## TASK REQUIREMENTS
Would you transcribe the records below from the line with "Sonnenstrahlen scheinen durch" to the line with "Pot-roasted pork chops", ends included, exactly and with nothing more, leaving the pictures out?

## DATA SUPPLIED
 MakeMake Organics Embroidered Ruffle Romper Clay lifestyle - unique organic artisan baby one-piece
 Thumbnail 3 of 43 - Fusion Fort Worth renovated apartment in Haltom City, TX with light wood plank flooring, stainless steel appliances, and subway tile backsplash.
...
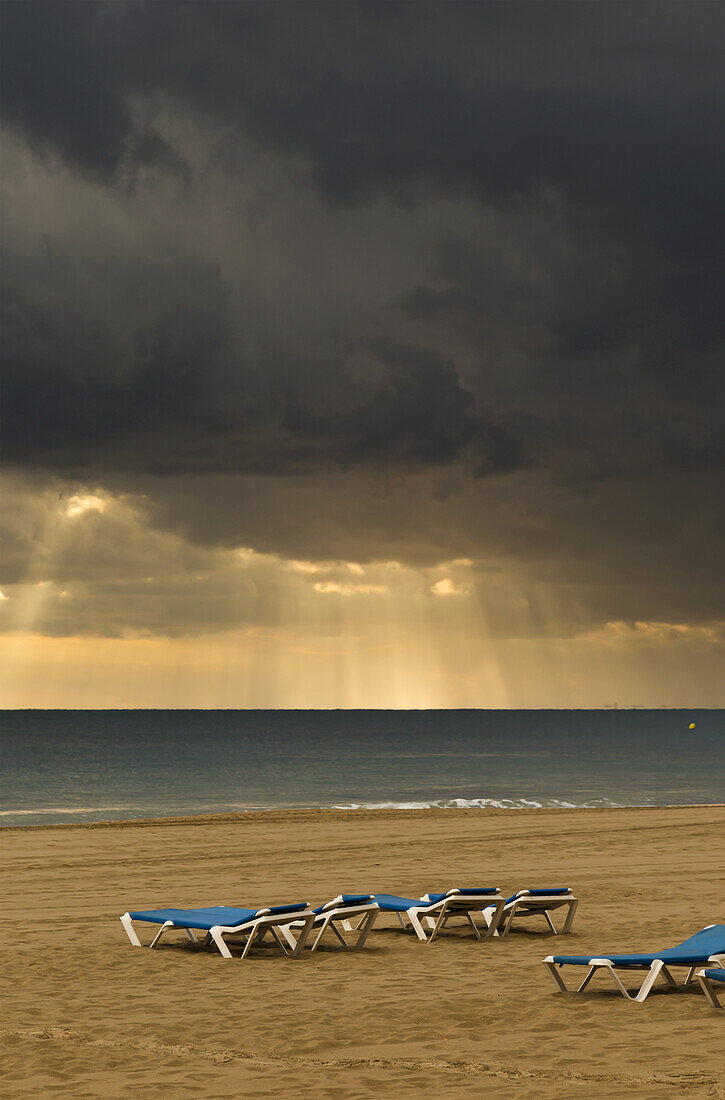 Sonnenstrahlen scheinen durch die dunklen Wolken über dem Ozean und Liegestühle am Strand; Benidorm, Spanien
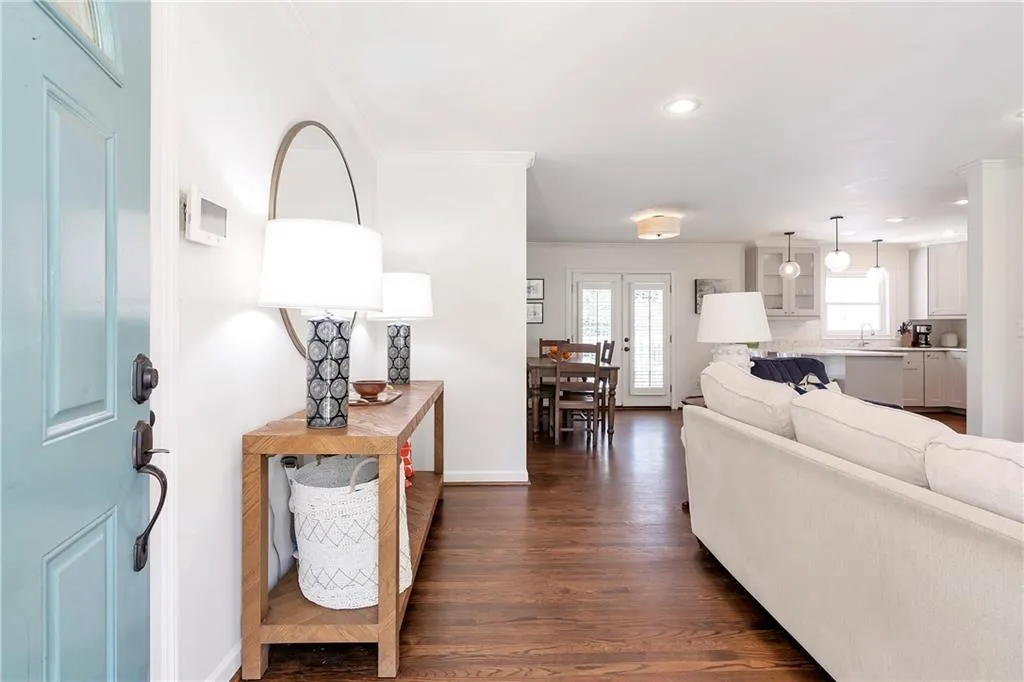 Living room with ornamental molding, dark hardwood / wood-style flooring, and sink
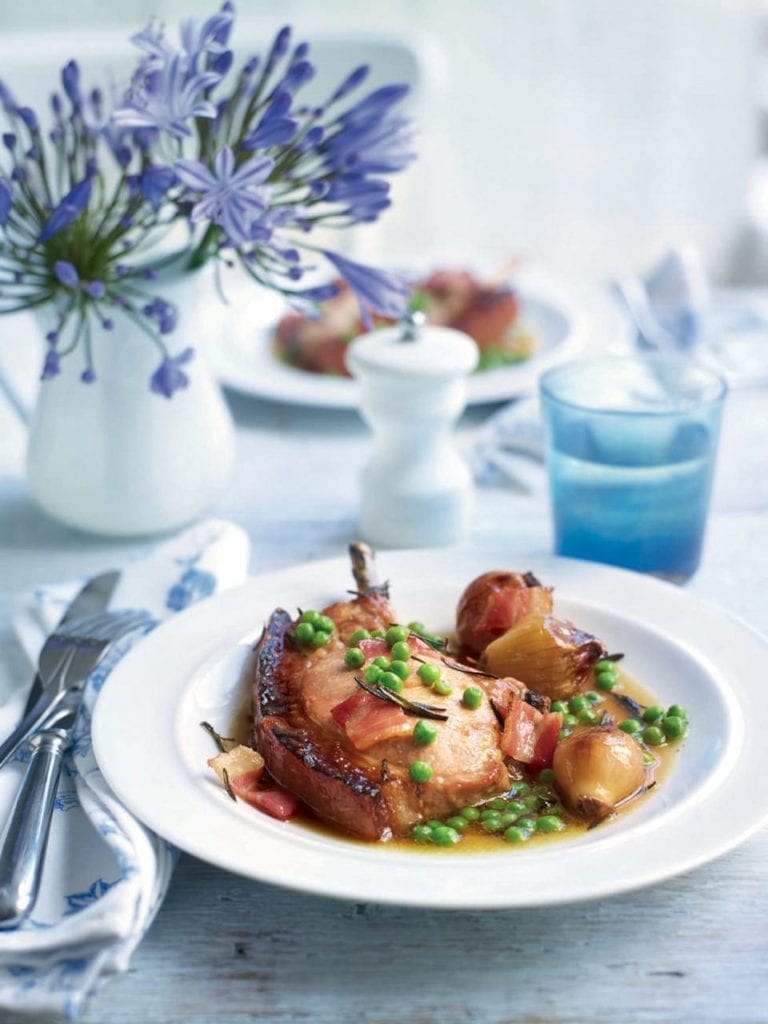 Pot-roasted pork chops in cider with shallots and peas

## WRITTEN REPLY
 Sonnenstrahlen scheinen durch die dunklen Wolken über dem Ozean und Liegestühle am Strand; Benidorm, Spanien
 Living room with ornamental molding, dark hardwood / wood-style flooring, and sink
 Pot-roasted pork chops in cider with shallots and peas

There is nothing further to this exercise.